Les Révolutions se perdent entre révolte et anarchie. Tous ceux qui ont, peu ou prou, compris quels sont les fondamentaux sur lesquels reposent, l’Etat, la société, l’économie ne peuvent que se rendre à l’évidence de l’avènement d’une nouvelle révolte et son corollaire, cette fois-ci, l’anarchie. D’aucuns diront qu’encore une fois, on exagère, on fait du catastrophisme, on est pessimiste. Ces qualificatifs résonnent comme une forme de fuite qui n’est autre que l’expression de la Méthode Coué, d’un refus de voir le réel et de le traiter.

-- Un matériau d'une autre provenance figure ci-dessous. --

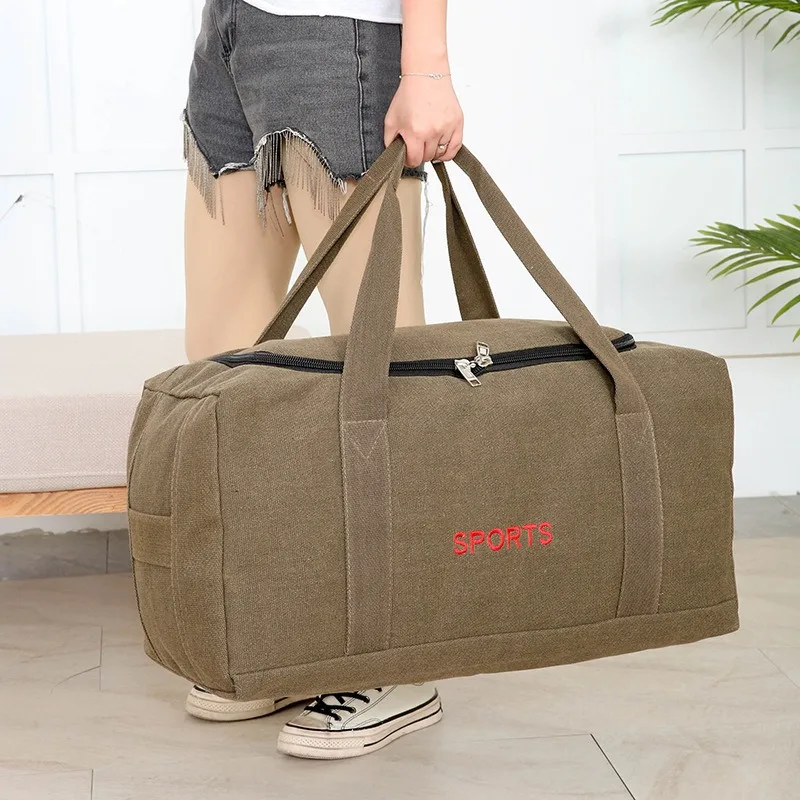 

Portable Luggage Bag Canvas Travel Bag Clothes Quilt Storage Supplies Large Capacity Moving Organisation Bags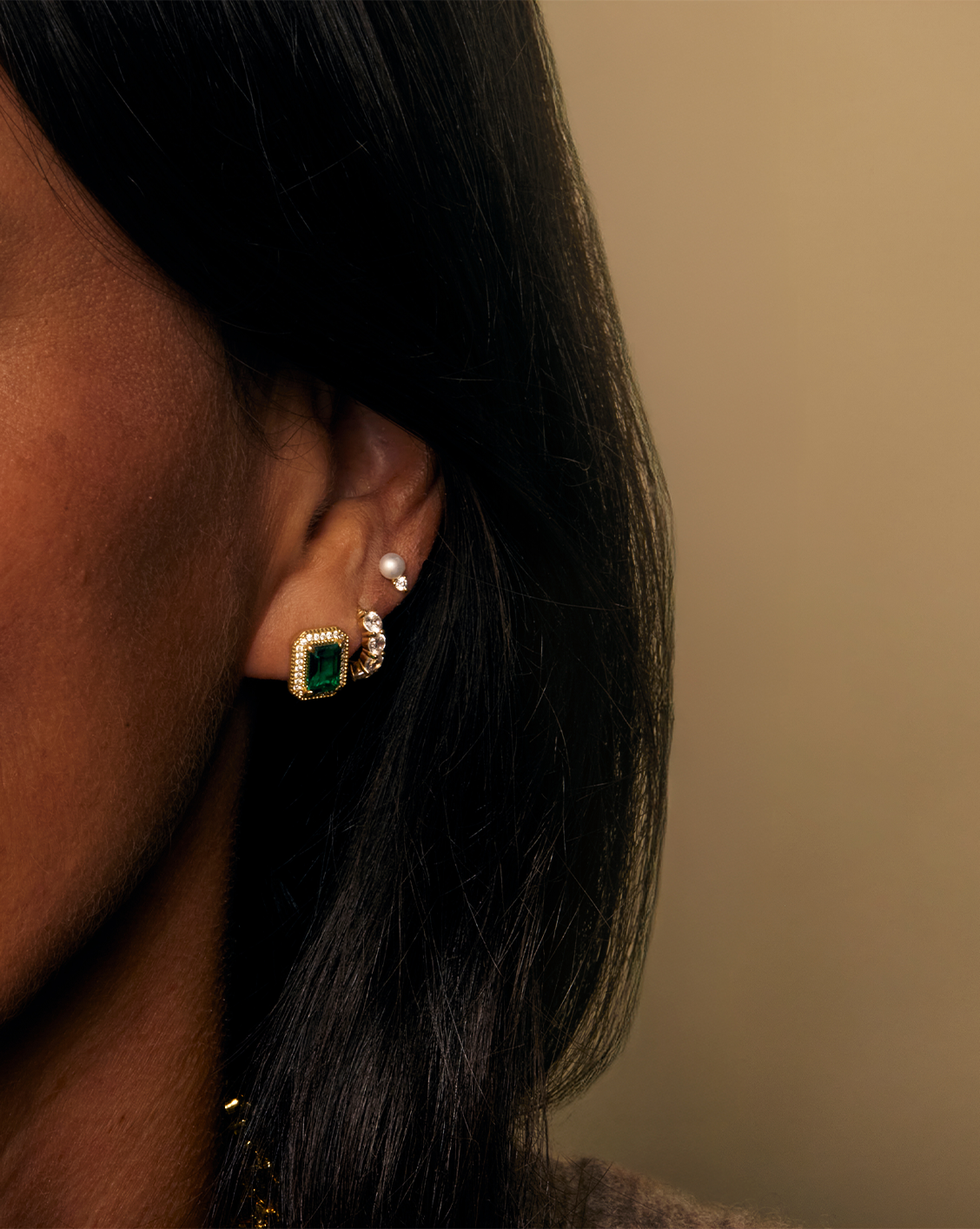 Mel's Emerald Studs - Gold Vermeil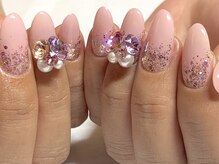 サロンドフォーエイチ(salon de 4H)/キラキラベージュピンクネイル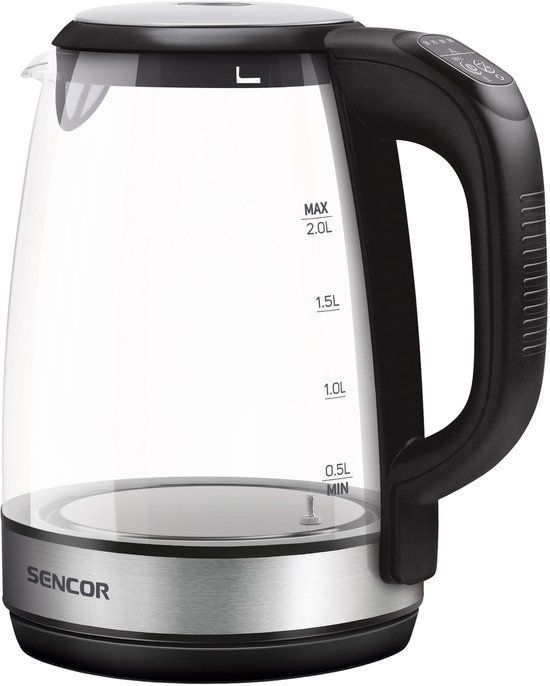 Sencor SWK 2090BK waterkoker 2 l 2200 W Zwart, Roestvrijstaal, Transparant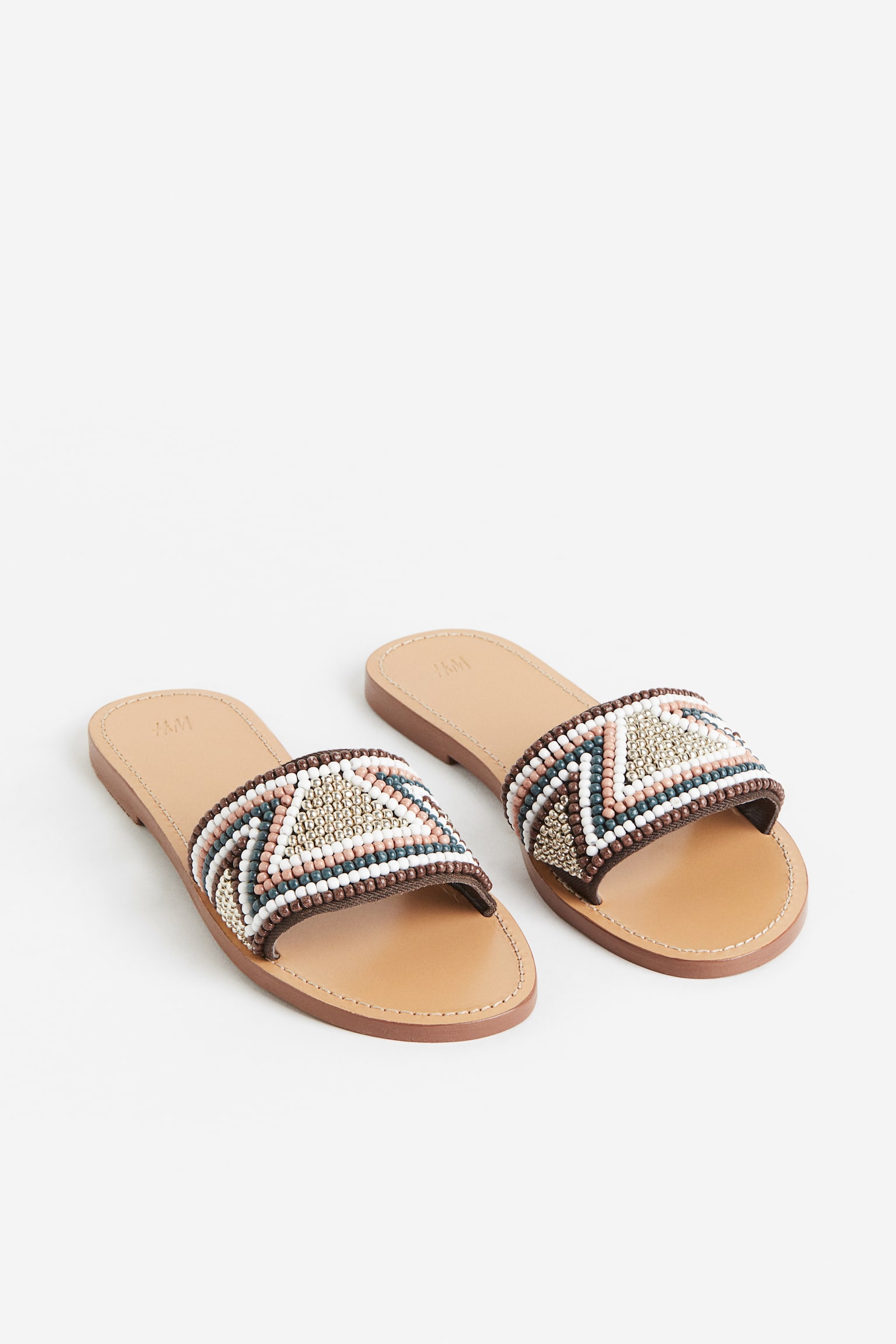 Bead Detail Leather Sandals - Beige/Pattern - 2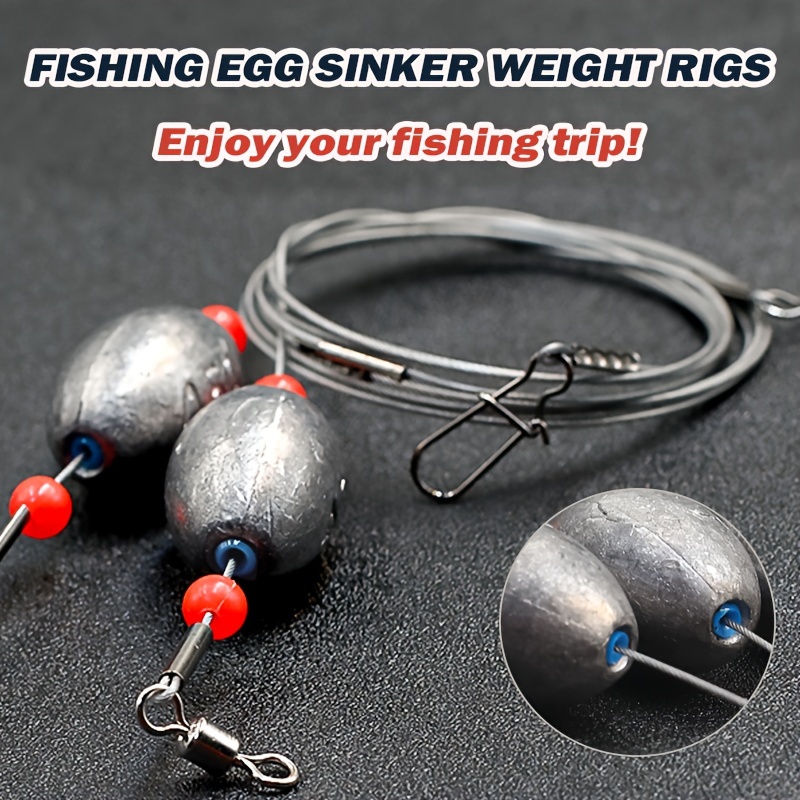 Fishing Egg Sinker Weight Rigs, Stainless Steel Fishing Wire Leaders with Sinkers  Fish Swivels and Snaps Flounder Rig Saltwater for Bottom Fishing 8PCS 1OZ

Il est inutile d’aborder la question économique tant elle est évidente. Il suffit de voir la souffrance des gens et leur désolation dès qu’ils abordent les étals du marché pour comprendre que la Tunisie a atteint le point de non-retour. Ni la propagande des mercenaires politiques et journalistiques, ni les fausses promesses ne peuvent leurrer les Tunisiens. La catastrophe n’est plus à venir on y est déjà.

Je ne vais pas non plus aborder la dislocation du tissu social et la rupture quasi-totale de tous les liens. Il suffit là encore, d’observer le comportement des gens dans la rue pour vite s’en rendre compte.

Je ne vais pas non plus traiter de la question de la sécurité qu’elle soit en relation avec l’intégrité physique des personnes et du territoire ou la sécurité au sens large du terme (alimentaire, santé, environnement).

Je vais aborder la question de l’effondrement de l’Etat, lequel Etat est censé être le garant de toutes les formes de sécurité.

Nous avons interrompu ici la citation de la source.